WHAT YOU ARE ASKED TO DO: Print the records below exactly, from the line containing "Used Hyundai HX220HD Excavator - Image 5" down to the line containing "Кольцо около школы №4, Макинск", both lines included, and omit every picture.

DATA PROVIDED:

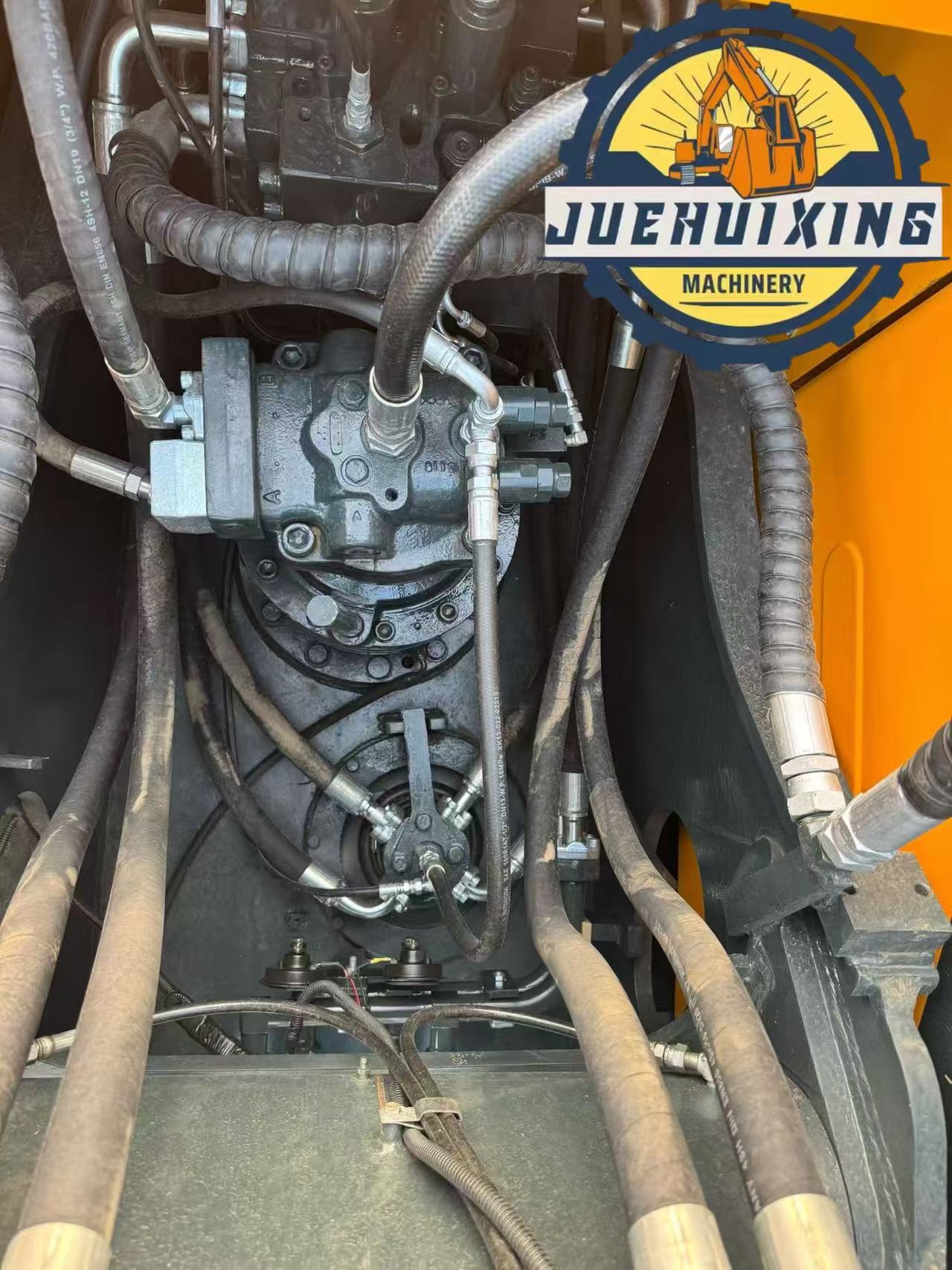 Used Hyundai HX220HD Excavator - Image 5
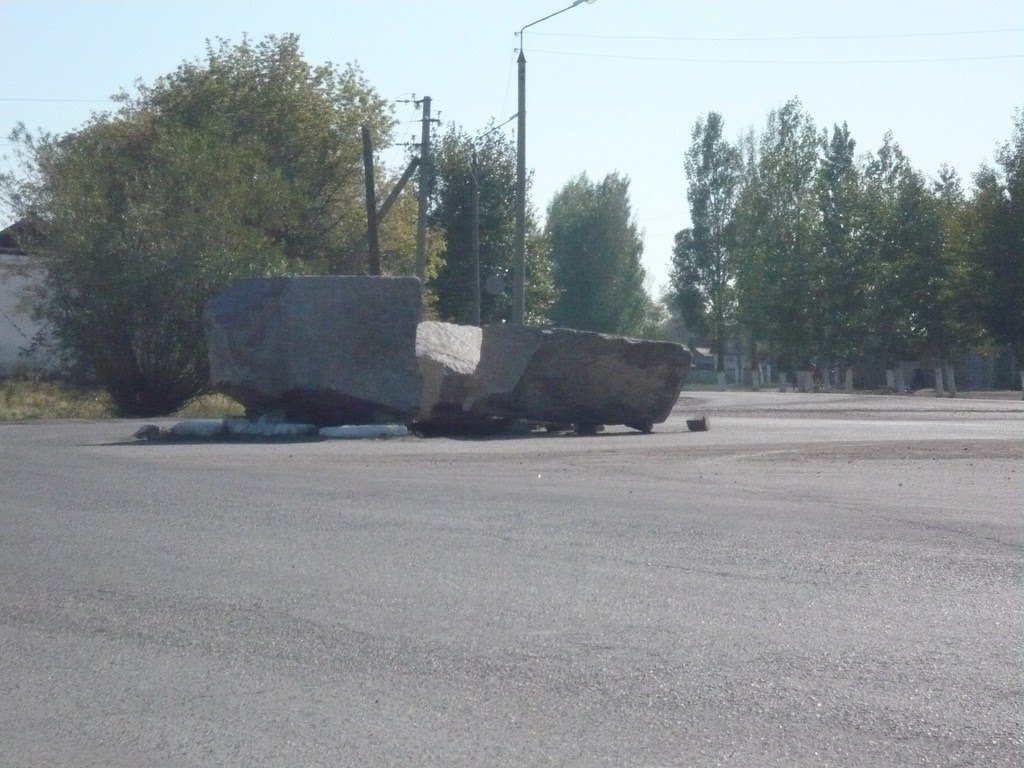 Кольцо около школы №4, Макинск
...
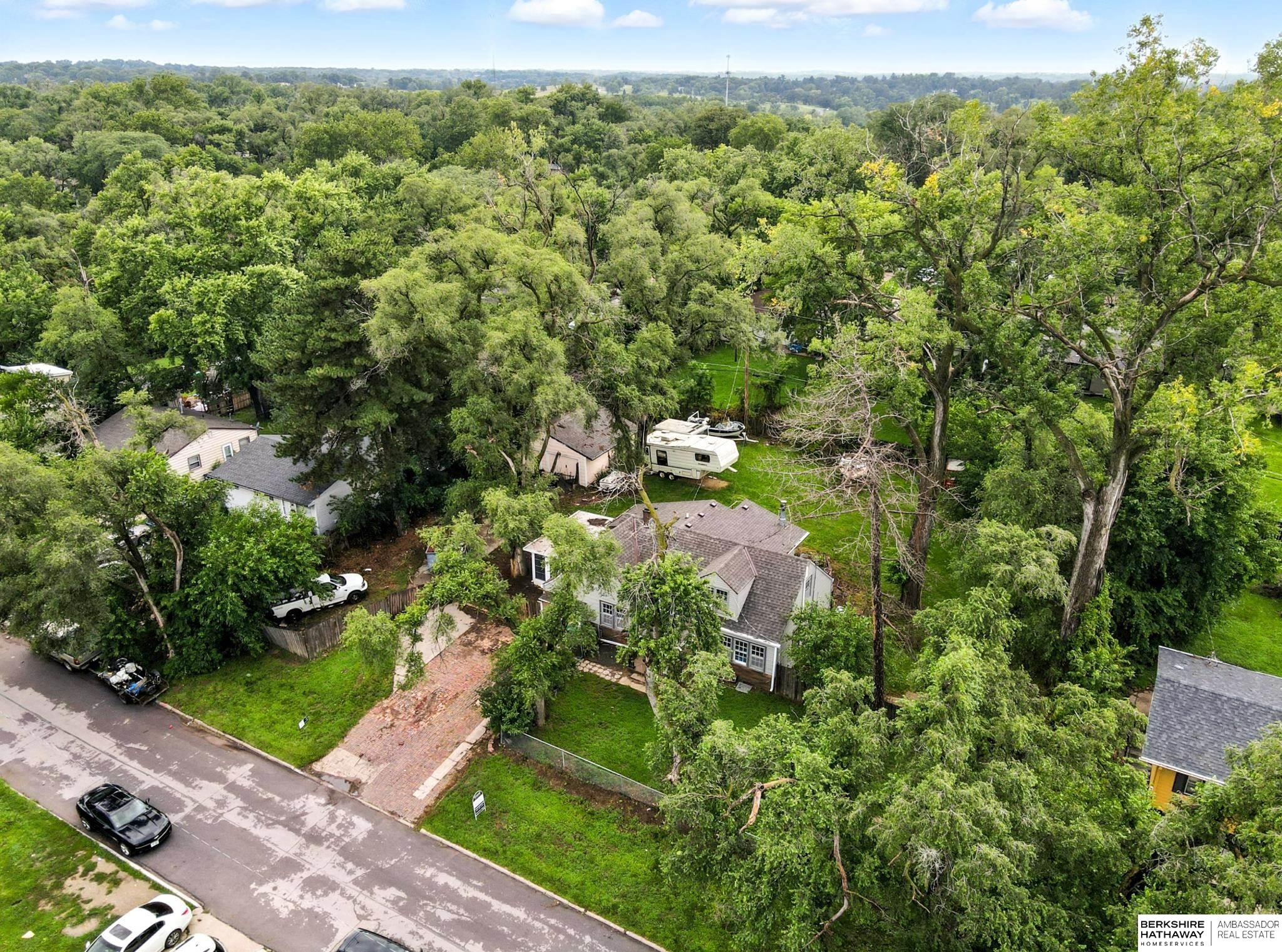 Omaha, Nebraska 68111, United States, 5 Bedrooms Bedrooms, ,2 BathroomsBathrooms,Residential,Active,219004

ANSWER:
 Used Hyundai HX220HD Excavator - Image 5
 Кольцо около школы №4, Макинск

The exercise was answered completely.